Image-text web data
>>>
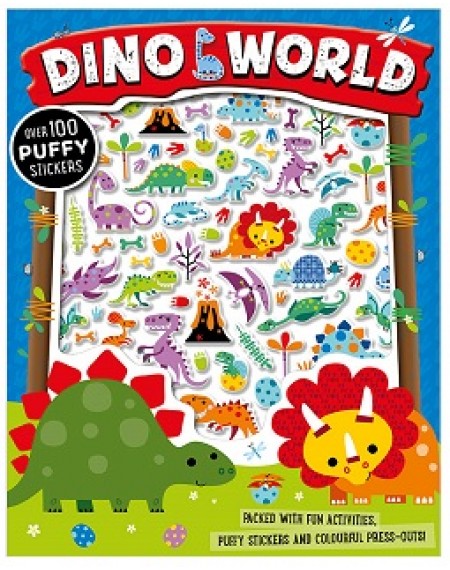 Dino World Puffy Sticker Activity Book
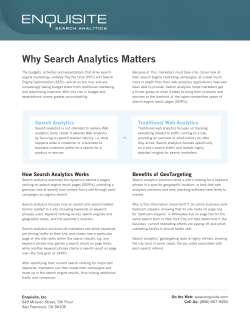 Why Search Analytics Matters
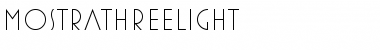 MostraThreeLight Font
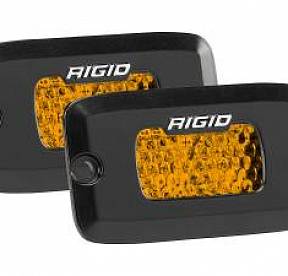 Задние янтарные врезные LED-фары Rigid серия SR-M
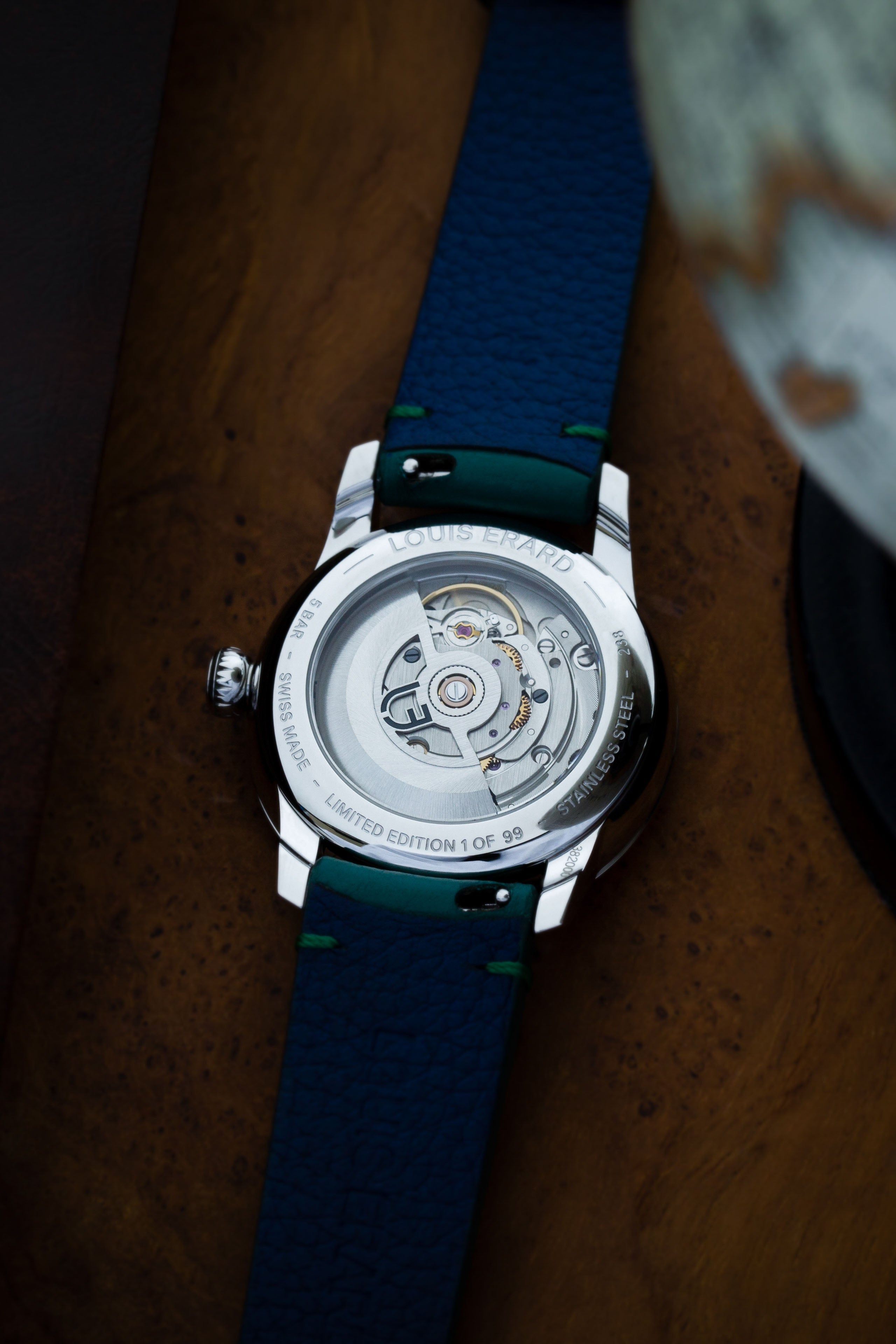 Louis Erard Petite Seconde Aventurine watch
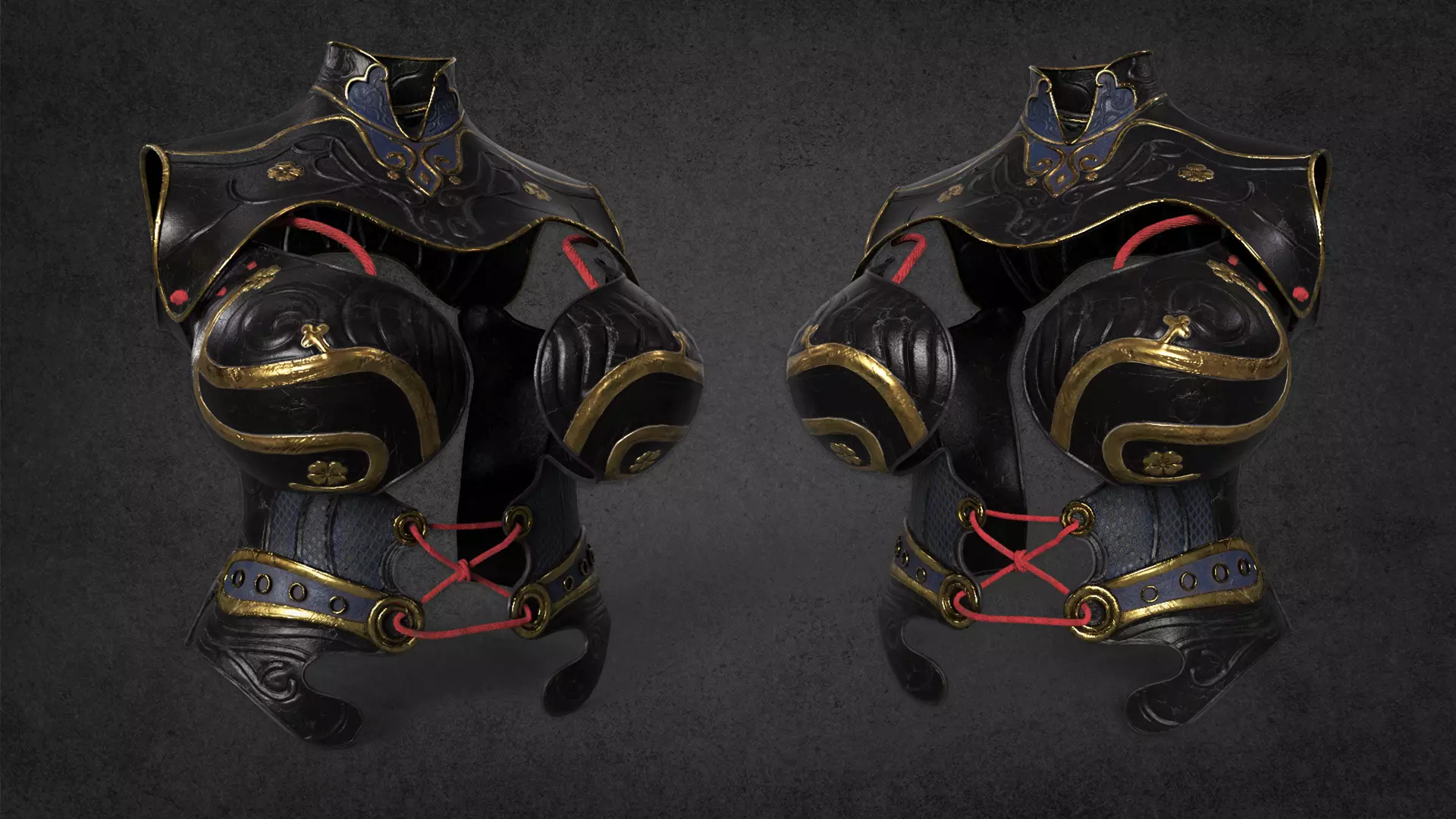 Armor Samurai Assasin Lowpoly Asset Low-poly 3D model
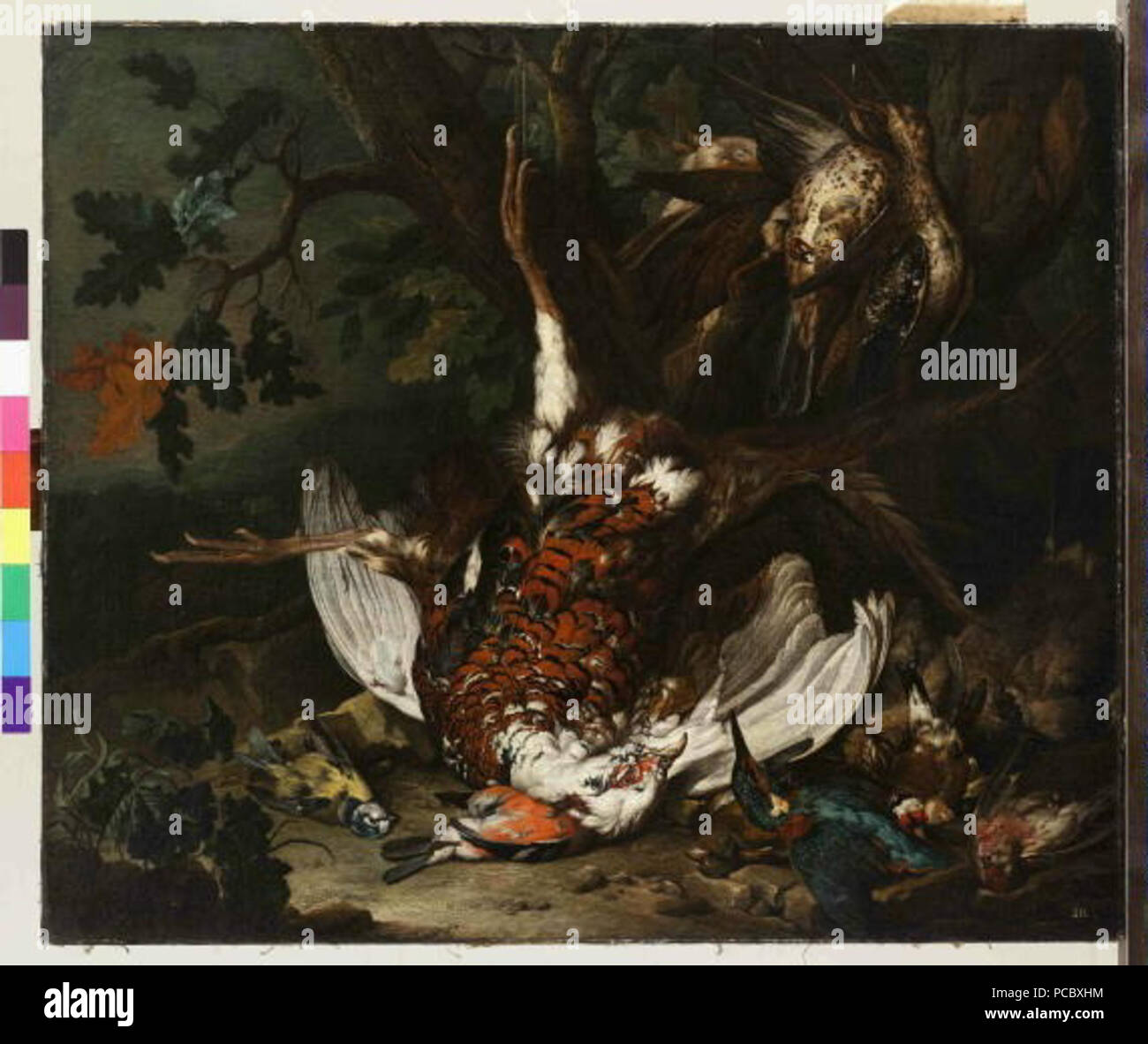 48 Philipp Ferdinand de Hamilton kol.1667-1750 - Zatisi se zabitym ptactvem II. Stock Photo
<<<
WHAT THIS TASK INVOLVES: Write out the lines beginning at the line with "Louis Erard Petite Seconde Aventurine watch" and ending at the last line of the entries. Include no pictures.

SOLUTION TO THE PROBLEM:
 Louis Erard Petite Seconde Aventurine watch
 Armor Samurai Assasin Lowpoly Asset Low-poly 3D model
 48 Philipp Ferdinand de Hamilton kol.1667-1750 - Zatisi se zabitym ptactvem II. Stock Photo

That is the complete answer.